Integrative bioinformatics and experimental validation unveil CRISP3 as a hypoxia-, epithelial mesenchymal transition-, and immune-related prognostic biomarker and therapeutic target in breast cancer.

INTRODUCTION: Breast cancer (BC) remains a widespread malignancy and ranks as the second leading cause of cancer-related mortality among women worldwide. Hypoxia, epithelial-mesenchymal transition (EMT), and immune-related processes have been increasingly recognized as critical contributors to BC pathogenesis. However, a prognostic model integrating hypoxia-, EMT-, and immune-related genes (HEMTIRGs) to predict BC outcomes has not yet been established. METHODS: Gene expression datasets of BC patients were obtained from The Cancer Genome Atlas (TCGA) and Gene Expression Omnibus (GEO). Prognostic genes were identified using Least Absolute Shrinkage and Selection Operator (LASSO) Cox regression analysis. A prognostic model was developed based on these genes. Immune infiltration was assessed using CIBERSORT and ssGSEA analyses. Immunotherapy response was predicted using the tumor immune dysfunction and exclusion (TIDE) algorithm. Functional roles of HEMTIRGs in BC malignancy were validated through in vitro experiments. RESULTS: In this study, four HEMTIRGs (PAX7, DCD, CRISP3, and FGG) were identified and used to develop a prognostic model. Patients were stratified into high- and low-risk groups based on median risk scores.
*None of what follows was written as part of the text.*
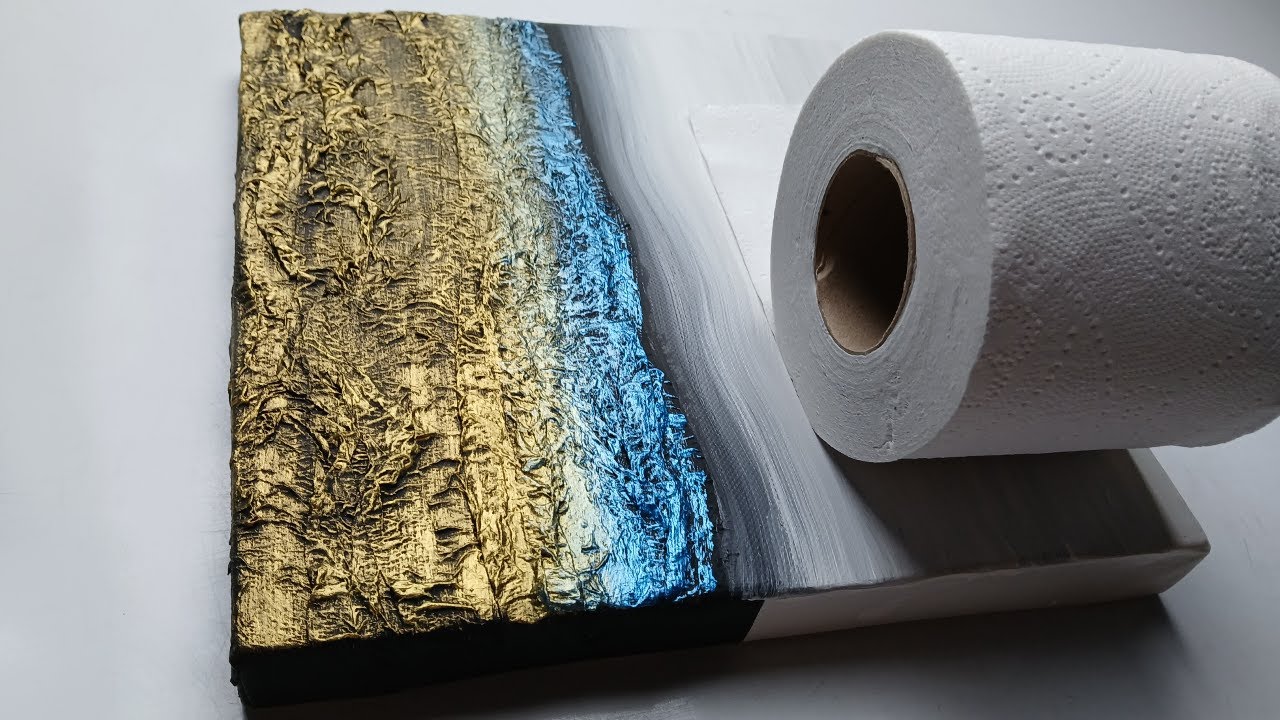Easy Textured Abstract Painting with Toilet Paper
A nomogram based on this model accurately predicted overall survival (OS), consistent with the observed outcomes. Notably, patients in the high-risk group exhibited increased immune cell infiltration but a lower predicted response to immunotherapy. Immunohistochemistry (IHC) further confirmed that HEMTIRGs expression levels were strongly associated with breast cancer, with CRISP3 showing the most pronounced upregulation. In vitro functional assays demonstrated that CRISP3 promoted malignant phenotypes of breast cancer cells under hypoxic conditions through activation of the IL-17/AKT signaling pathway. CONCLUSION: This study establishes a novel HEMTIRGs-based prognostic model for BC, offering a robust tool for predicting patient prognosis and immunotherapy efficacy. Additionally, our findings provide new insights into BC pathogenesis, highlighting potential therapeutic targets.